Mesut Barzani Kerkük konusundaki kararlılığını şu cümlelerle ortaya koyuyor : “Bu konuda sadece ölüm yolumu kesebilir. Bunun dışında dünyada hiçbir güç veya devlet benim Kerkük’ten vazgeçmemi sağlayamaz. Bu kesindir ve Kerkük’ten vazgeçmemiz mümkün değil. Ayrıca bu seçimler de, Kerkük kimliğinin ne olduğunu gösterdi. Kerkük’ün Kürt ve Kürdistani bir kent olduğunu söylediğimizde, bize kuşkuyla bakanlar, şimdi çok açık bir şekilde bir gerçeği ve Kerkük kimliğinin ne olduğunu gördüler”.
Türkiye yıllardır ne Irak ne de Kürdistan otonom bölgesi konusunda politika üretebilmiş değil. Kerkük’le ilgili referandum paranoyası ise Türkiye’yi tehlikeli mecralara çekebilir.

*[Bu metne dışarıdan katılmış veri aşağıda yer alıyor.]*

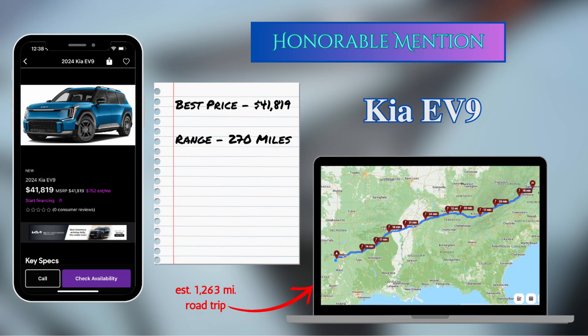That honorable mention goes to the Kia EV9. Currently I found only one under $50,000 on cars.com. It could do the trip in 22 hours and 54 minutes, spending 3 hours and 6 minutes charging at 10 different charge stops. That put it 48 minutes behind the fastest car.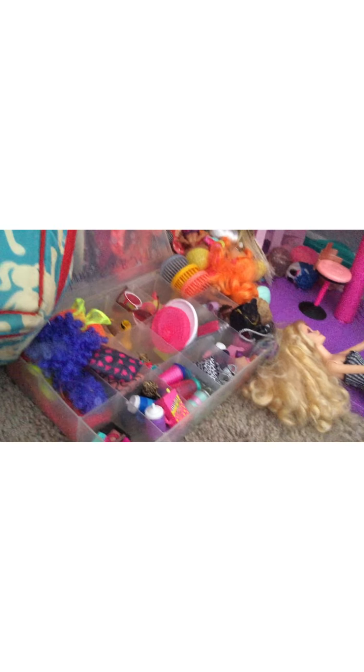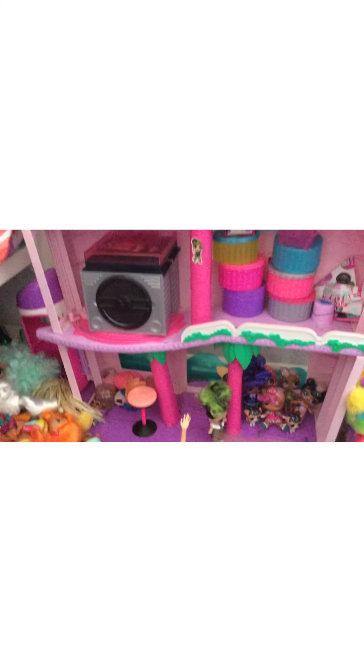To start things off, right here we have the Shopkins Super Mall and Phoenix got it all set up. She's got her LOL dolls and stuff here and all of her LOL accessories — bottles, hair stuff, brushes, glasses, all that fun stuff. The mall has the kitchen, movie theater, all of that right here.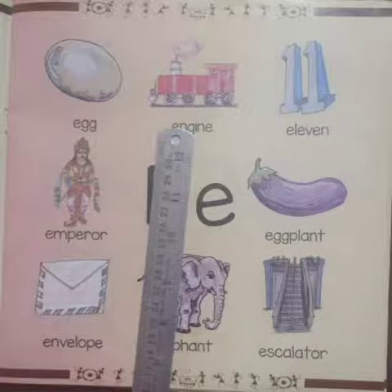Next we have a picture of an engine. An engine or motor is a machine designed to convert one form of energy into mechanical energy. Heat engines burn a fuel to create heat which is then used to do work.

Bugün bazı kesimler ve bazı siyasi partiler, Türkmen varlığı üzerinden pompalanan bir sınır ötesi operasyondan söz ediyorlar. Bu durum Türkiye açısından çok tehlikeli ve yanlış bir strateji. Cumhuriyet Halk Partisi ya da diğer şahin kanat ne derse desin, Türkiye’nin Irak’a girebileceğini veya Kerkük’te bu yıl içerisinde yapılacak referandumu şu ya da bu şekilde etkileyeceğini düşünmek mümkün değil. Bu tür hatalı stratejilerle varılmak istenen sonuç ise ülkedeki genel batı düşmanlığını körüklemeyi amaçlıyor. Yoksa Türkiye’nin Irak’a girmesi söz konusu dahi edilemez.

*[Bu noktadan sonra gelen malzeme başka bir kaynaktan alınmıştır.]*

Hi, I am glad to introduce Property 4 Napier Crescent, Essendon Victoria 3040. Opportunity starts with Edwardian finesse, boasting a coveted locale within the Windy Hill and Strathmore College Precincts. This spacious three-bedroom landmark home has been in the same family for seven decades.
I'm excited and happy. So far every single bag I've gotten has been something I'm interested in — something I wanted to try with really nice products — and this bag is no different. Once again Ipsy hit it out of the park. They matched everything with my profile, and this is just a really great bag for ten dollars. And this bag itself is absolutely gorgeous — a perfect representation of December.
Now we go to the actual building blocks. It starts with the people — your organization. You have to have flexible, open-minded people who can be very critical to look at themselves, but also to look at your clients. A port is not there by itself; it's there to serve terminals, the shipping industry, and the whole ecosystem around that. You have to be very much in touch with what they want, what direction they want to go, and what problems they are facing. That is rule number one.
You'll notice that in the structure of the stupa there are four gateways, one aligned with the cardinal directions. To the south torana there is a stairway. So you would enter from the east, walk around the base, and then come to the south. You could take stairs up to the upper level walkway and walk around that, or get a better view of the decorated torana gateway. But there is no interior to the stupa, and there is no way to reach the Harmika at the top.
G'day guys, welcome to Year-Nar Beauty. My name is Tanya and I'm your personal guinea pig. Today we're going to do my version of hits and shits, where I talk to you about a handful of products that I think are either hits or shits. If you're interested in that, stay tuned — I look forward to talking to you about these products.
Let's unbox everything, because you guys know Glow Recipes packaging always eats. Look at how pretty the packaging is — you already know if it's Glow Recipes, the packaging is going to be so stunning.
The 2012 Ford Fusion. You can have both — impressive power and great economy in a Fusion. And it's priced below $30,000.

Kerkük’teki Türkmenlerin demografik yapısı konusundaki rakamların gerçeği yansıtmıyor. Kerkük’teki Türkmen nüfusu toplam Irak nüfusunun yüzde 2 veya 3’ünü oluşturuyor. Bu da 200-300 bin en fazla 400 bin kişi eder. Bunların arasında Şiiler ve Caferilerde var. Kaldı ki Türkmen nüfusun büyük bir bölümü halen Türkiye’de yaşıyor.
Ayrıca Kerkük’teki Türkmenlerin kendi aralarında da, Türkiye ile olan ilişkileri anlamında, çok farklı yaklaşım ve görüşler ortaya çıkmış durumda. Yani tam anlamıyla homojen, Türkiye ile göbek bağı içerisinde olan bir Türkmen gruptan söz etmek mümkün değildir. Dolayısıyla bugün pompalanarak gündeme hızla oturan ve kimi AK Parti milletvekillerinin ‘Sırtımızdaki hançer’ gibi ifadelerle dile getirdiği bu konu, aslında çok yapay bir konudur. Yani Türkiye’nin Irak politikasını çözebilecek ağırlıkta bir konu değildir.

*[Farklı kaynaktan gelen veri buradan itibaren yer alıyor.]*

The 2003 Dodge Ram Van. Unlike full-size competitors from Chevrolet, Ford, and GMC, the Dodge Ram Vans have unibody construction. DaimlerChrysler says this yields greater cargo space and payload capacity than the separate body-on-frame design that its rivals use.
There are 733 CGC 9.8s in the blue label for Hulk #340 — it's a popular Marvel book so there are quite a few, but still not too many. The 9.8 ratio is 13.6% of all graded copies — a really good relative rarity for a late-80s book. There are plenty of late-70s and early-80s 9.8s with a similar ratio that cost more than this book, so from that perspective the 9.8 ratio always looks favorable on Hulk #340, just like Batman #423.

Bu nedenle, Türkiye’nin genelinde Irak politikası, ve özelinde Kürdistan yönetimi ile ilgili politikası, Kerkük ve Türkmen meselesi üzerinden şekillenemez. Eğer böyle bir yaklaşım sergilenirse, Türkiye için son derece tehlikeli bir yaklaşım olur.
Meselenin özüne inersek, Türkiye bu meseleye daha hala orada kurulacak olan bir “Kürdistan” tehlikesi olarak bakıyor. Böyle bakıldığında belirlenen strateji korkuyla üretilen bir politika haline geliyor. Halbuki bugün Türk işadamları Kuzey Irak’ta iş yapıyorlar, alt yapı ihaleleri alıyorlar, petrol arıyorlar ve çıkarıyorlar, toplam iş hacimleri 1 milyar dolar civarında. Askeri kurum olan OYAK bile Kürt Devleti ile ticaret yapıyor. Erbil ile İstanbul arasında uçak seferi var. Yani burada bir tarafta yaşamın gerçekleri, ekonomi dünyasının yaklaşımı var; diğer taraftan ise Türk Devleti 19. Yüzyıldan kalma siyasi bakış açısını hala sürdürüyor.
Halbuki Türkiye, Kürt Devleti ile iyi komşuluk ve dostluk ilişkileri kursa, Sayın Barzani ve Sayın Talabani ile diyalog kurup, beraber masaya otursa Bölgede çok farklı bir konuma gelebilir. Bölgede söz sahibi olmanın yolu yapıcı politikalardan geçiyor. Yoksa bugünkü gibi hatalı ve tehlikeli stratejiler üreterek değil.
Olası bir sınır ötesi operasyon söz konusu olursa Türkiye’de ortak aklın bunu engellemesi gerekiyor. Çünkü, Türkiye artık bu tür maceralara paye ve prim verecek bir ülke değil. Böyle bir operasyon Türkiye’ye, ekonomik ve siyasi yönden çok zarar verir.
Bugüne kadar PKK’ya karşı düzenlenen en büyük harekât olan Çelik-1 Harekatı’nın yöneten ve başarısız olan emekli Tümgeneral Osman Pamukoğlu: “Türk Ordusu Irak’a girerse karşısında sadece PKK’yı değil, 7 milyon Kürdü bulacak. Kerkük’e girmek çılgınlıktan başka bir şey değildir” diyor.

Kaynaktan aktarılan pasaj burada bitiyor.